# Work instructions
Below are entries; output exactly the lines from the one with "10 soverom Villa" to the one with "Mitsubishi Outlander 2.4", both included, and nothing else.

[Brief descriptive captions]

□ □ □

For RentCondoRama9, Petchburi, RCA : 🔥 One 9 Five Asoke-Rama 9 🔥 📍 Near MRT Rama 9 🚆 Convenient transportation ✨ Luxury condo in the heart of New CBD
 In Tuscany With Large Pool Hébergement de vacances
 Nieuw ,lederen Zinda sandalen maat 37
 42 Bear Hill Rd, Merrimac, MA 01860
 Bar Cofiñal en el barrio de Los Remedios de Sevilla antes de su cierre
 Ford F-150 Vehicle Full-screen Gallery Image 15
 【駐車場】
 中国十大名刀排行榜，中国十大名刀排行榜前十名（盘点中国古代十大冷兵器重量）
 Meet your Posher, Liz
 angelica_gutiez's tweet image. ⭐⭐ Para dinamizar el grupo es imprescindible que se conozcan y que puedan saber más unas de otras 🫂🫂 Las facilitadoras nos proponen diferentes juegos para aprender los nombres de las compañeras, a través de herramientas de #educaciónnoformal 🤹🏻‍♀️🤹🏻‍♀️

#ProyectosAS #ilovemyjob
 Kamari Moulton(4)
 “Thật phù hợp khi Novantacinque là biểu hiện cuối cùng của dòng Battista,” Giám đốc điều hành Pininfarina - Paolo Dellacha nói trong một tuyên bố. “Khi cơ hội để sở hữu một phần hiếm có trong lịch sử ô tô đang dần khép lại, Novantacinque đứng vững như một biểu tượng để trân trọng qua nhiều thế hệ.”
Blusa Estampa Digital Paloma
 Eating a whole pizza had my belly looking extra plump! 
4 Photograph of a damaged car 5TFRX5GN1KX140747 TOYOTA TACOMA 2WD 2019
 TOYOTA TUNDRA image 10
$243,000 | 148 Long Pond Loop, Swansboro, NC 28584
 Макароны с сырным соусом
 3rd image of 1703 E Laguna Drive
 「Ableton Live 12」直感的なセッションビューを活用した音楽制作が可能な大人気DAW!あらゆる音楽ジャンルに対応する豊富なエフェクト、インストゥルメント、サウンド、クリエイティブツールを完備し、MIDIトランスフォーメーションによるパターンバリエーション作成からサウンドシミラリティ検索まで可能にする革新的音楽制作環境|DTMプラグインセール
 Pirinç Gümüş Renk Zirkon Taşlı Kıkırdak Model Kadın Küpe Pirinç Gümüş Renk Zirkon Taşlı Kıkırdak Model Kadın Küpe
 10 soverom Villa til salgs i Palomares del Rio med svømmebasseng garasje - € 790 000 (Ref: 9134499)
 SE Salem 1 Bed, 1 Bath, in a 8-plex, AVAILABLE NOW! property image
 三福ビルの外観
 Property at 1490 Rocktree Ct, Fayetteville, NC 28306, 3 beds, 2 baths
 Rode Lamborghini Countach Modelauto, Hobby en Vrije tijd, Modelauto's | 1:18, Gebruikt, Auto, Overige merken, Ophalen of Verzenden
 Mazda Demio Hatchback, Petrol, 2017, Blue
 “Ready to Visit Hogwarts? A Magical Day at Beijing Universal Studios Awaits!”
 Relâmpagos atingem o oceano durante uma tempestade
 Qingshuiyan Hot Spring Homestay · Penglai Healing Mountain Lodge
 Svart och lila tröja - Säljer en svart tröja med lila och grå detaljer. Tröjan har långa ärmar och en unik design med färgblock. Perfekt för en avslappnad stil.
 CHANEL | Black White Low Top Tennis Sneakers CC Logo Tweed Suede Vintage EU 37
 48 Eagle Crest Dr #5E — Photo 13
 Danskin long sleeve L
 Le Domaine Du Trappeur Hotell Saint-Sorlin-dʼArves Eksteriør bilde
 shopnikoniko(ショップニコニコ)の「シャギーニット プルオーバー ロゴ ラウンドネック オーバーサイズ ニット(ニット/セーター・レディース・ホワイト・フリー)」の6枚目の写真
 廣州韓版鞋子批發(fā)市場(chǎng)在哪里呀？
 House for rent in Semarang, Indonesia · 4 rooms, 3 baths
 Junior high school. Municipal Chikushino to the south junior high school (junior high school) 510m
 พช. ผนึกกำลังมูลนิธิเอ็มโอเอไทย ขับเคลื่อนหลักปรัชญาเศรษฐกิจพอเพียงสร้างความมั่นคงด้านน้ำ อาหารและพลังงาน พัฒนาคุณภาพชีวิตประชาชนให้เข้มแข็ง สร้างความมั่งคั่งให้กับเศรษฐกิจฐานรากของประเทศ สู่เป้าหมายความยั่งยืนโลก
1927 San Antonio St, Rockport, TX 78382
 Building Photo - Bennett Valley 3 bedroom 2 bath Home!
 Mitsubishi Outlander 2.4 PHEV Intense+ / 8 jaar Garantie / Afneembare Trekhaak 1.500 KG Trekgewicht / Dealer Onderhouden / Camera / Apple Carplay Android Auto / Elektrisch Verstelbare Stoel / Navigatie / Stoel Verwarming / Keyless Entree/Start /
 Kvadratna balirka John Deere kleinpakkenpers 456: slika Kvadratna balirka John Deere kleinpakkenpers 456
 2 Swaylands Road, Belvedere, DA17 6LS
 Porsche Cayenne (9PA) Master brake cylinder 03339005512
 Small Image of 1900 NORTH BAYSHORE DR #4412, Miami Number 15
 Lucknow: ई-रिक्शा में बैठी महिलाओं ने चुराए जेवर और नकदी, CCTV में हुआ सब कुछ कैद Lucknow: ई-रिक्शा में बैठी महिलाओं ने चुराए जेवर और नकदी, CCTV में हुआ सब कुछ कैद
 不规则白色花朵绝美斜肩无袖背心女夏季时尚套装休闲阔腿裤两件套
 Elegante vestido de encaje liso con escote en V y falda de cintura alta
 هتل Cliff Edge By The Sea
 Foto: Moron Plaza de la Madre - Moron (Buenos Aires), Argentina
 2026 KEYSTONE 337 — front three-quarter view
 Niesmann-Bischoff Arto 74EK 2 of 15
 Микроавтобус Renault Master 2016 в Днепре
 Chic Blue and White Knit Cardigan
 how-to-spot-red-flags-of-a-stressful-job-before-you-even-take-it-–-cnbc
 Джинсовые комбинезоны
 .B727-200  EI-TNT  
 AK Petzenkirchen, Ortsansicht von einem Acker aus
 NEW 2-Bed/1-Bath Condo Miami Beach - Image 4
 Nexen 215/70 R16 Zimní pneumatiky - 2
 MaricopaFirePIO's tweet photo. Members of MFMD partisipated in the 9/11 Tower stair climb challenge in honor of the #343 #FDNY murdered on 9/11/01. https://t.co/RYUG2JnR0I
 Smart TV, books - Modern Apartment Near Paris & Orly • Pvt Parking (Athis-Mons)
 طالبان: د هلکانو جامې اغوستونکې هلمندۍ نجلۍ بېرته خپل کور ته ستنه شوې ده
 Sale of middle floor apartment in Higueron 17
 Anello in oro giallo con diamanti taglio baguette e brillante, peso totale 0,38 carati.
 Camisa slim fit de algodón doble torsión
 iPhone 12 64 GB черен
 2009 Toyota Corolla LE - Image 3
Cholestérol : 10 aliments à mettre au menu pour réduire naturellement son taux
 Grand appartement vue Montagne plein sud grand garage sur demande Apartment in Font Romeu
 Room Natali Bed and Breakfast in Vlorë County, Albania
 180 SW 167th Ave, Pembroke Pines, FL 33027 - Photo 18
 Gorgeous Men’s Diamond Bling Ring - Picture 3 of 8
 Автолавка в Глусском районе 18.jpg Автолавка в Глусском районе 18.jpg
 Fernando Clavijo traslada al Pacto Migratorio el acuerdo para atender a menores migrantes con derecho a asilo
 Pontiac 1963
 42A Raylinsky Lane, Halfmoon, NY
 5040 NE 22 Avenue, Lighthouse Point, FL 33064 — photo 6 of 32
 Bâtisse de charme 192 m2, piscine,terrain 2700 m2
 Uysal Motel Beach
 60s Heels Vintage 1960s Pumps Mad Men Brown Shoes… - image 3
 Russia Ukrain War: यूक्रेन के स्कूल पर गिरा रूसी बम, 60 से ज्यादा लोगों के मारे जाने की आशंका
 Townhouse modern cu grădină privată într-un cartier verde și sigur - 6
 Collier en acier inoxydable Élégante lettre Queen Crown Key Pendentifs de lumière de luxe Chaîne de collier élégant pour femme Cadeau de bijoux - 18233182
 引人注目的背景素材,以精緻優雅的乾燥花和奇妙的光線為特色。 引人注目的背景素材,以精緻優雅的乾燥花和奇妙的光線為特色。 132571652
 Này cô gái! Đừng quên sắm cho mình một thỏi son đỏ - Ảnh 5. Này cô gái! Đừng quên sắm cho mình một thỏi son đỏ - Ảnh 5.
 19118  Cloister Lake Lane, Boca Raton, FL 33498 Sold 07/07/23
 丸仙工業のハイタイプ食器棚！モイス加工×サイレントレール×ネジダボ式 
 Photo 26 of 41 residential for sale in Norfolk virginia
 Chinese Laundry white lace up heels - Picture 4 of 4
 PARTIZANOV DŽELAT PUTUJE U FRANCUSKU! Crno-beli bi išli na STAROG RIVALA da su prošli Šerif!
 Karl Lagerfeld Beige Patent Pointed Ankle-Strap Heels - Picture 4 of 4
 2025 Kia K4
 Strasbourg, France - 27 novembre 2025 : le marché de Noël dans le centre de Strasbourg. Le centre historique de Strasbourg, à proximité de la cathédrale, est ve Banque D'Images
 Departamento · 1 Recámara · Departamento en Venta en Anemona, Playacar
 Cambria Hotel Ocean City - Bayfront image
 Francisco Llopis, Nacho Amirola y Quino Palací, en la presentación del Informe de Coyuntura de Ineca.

□ □ □

# Answer to this task
 10 soverom Villa til salgs i Palomares del Rio med svømmebasseng garasje - € 790 000 (Ref: 9134499)
 SE Salem 1 Bed, 1 Bath, in a 8-plex, AVAILABLE NOW! property image
 三福ビルの外観
 Property at 1490 Rocktree Ct, Fayetteville, NC 28306, 3 beds, 2 baths
 Rode Lamborghini Countach Modelauto, Hobby en Vrije tijd, Modelauto's | 1:18, Gebruikt, Auto, Overige merken, Ophalen of Verzenden
 Mazda Demio Hatchback, Petrol, 2017, Blue
 “Ready to Visit Hogwarts? A Magical Day at Beijing Universal Studios Awaits!”
 Relâmpagos atingem o oceano durante uma tempestade
 Qingshuiyan Hot Spring Homestay · Penglai Healing Mountain Lodge
 Svart och lila tröja - Säljer en svart tröja med lila och grå detaljer. Tröjan har långa ärmar och en unik design med färgblock. Perfekt för en avslappnad stil.
 CHANEL | Black White Low Top Tennis Sneakers CC Logo Tweed Suede Vintage EU 37
 48 Eagle Crest Dr #5E — Photo 13
 Danskin long sleeve L
 Le Domaine Du Trappeur Hotell Saint-Sorlin-dʼArves Eksteriør bilde
 shopnikoniko(ショップニコニコ)の「シャギーニット プルオーバー ロゴ ラウンドネック オーバーサイズ ニット(ニット/セーター・レディース・ホワイト・フリー)」の6枚目の写真
 廣州韓版鞋子批發(fā)市場(chǎng)在哪里呀？
 House for rent in Semarang, Indonesia · 4 rooms, 3 baths
 Junior high school. Municipal Chikushino to the south junior high school (junior high school) 510m
 พช. ผนึกกำลังมูลนิธิเอ็มโอเอไทย ขับเคลื่อนหลักปรัชญาเศรษฐกิจพอเพียงสร้างความมั่นคงด้านน้ำ อาหารและพลังงาน พัฒนาคุณภาพชีวิตประชาชนให้เข้มแข็ง สร้างความมั่งคั่งให้กับเศรษฐกิจฐานรากของประเทศ สู่เป้าหมายความยั่งยืนโลก
1927 San Antonio St, Rockport, TX 78382
 Building Photo - Bennett Valley 3 bedroom 2 bath Home!
 Mitsubishi Outlander 2.4 PHEV Intense+ / 8 jaar Garantie / Afneembare Trekhaak 1.500 KG Trekgewicht / Dealer Onderhouden / Camera / Apple Carplay Android Auto / Elektrisch Verstelbare Stoel / Navigatie / Stoel Verwarming / Keyless Entree/Start /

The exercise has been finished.